------ Recorded information

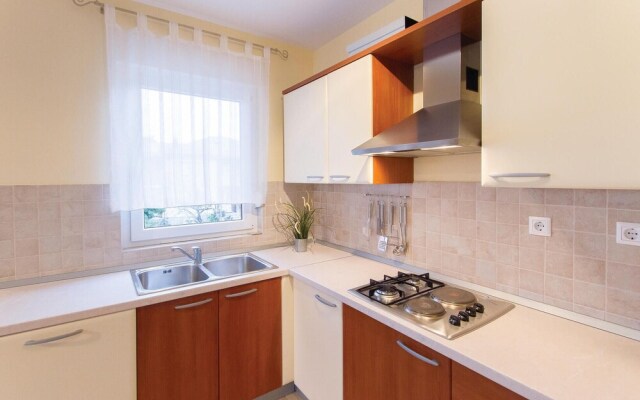 Beautiful Home in Palit With 4 Bedrooms
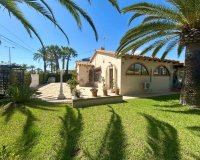 Resale - Villa - Orihuela Costa  - Cabo Roig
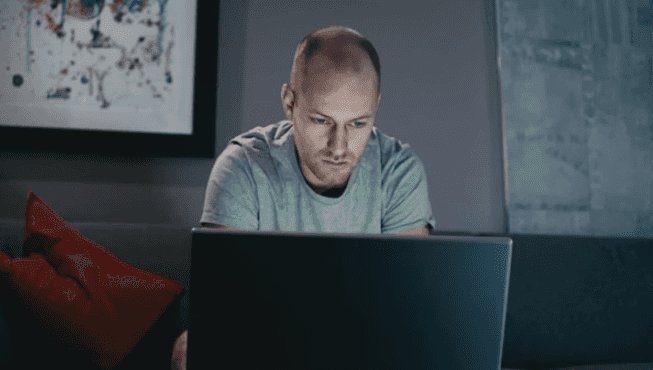 WATCH: Proof That All Of Your Friends On Facebook Are Lying To You WATCH: Proof That All Of Your Friends On Facebook Are Lying To You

------------

**What to produce**
Excluding all images, transcribe the material word for word.

**Answer to this task**
 Beautiful Home in Palit With 4 Bedrooms
 Resale - Villa - Orihuela Costa  - Cabo Roig
 WATCH: Proof That All Of Your Friends On Facebook Are Lying To You WATCH: Proof That All Of Your Friends On Facebook Are Lying To You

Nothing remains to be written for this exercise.